Friday, September 9, 2016

In the End It Will Be Our Choice. What Will We Decide?

"... a bad motor cycle with the devil in the seat,
Going ninety miles an hour down a dead end street."

Bob Dylan


I make no secret of my feelings toward the fate of our race (the human race) unless we take some steps to back away from the abyss. Every day the situation grows darker, and every day the darkness increases our ability to ignore the obvious. This combination will certainly spell doom.

In the coming days I will start laying out the mounting catastrophes. They are too numerous to detail in one post. I give to the homeless not because it will end homelessness, but it might help one or two people in a small way. And it makes me feel better about myself, lessens my insignificance in the face of problems so large, and troubling our elected officials and the general population choose to pretend it does not exist, "we'll stick our heads into the sand, just pretend that all is grand and hope that everything turns out ok."*

Of course if it made effective headlines people might be more likely to back initiatives to make the needed changes.  "The War on Crime," or the "The War on Terror," generate all sorts of positive feelings because they imply action, and, one would hope, measurable progress towards a goal. People can have a teary eyed vision of the day when all the criminals, or terrorists come out with their hands up. Neither of these programs have produced much in the way of results, and they have largely been forgotten. But, we still are fighting both "wars."

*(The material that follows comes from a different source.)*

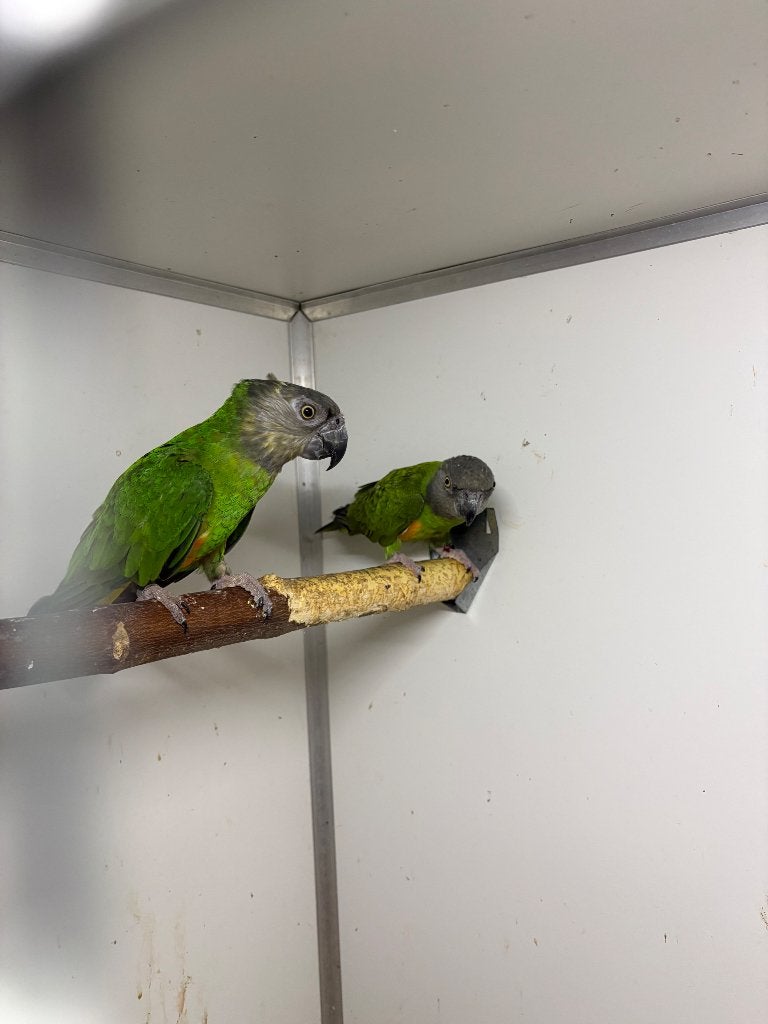Koppel bonte boeren, Dieren en Toebehoren, Meerdere dieren, Dwergpapegaai of Agapornis, Geringd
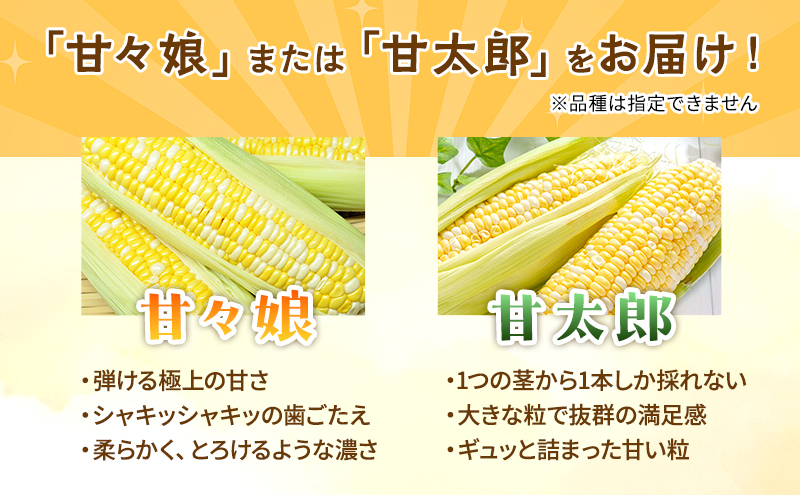 とうもろこし 先行予約 甘々娘 または 甘太郎 約8～12本 2026年配送 配送不可：離島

So, this is my effort to start a new battle, and say there might still be time, if we take steps to end the madness. But, I don't really expect too much.

Sir Martin Rees, co-founder of the Centre for the Study of Existential Risk feels that civilization has no better than a 50-50 chance of making it through the 21st century intact. And the Future of Humanity Institute has survey of nineteen experts estimated a 19% chance of human extinction this century.

Accordingly, the average American is 1,500 times more likely to die in an extinction level catastrophe than in a plane crash. Moreover, the same American is 50 times more likely to witness the end of civilization than die in a automobile accident.**

Yes, these figures are very troubling, and the War on Self Destruction is not so catchy, and would make a lousy soundbite. No, I don't think anything will happen in time to change our fate. But, I am going to try.







* From The Ostrich, by Steppenwolf

** From the Bulletin of the Atomic Scientists.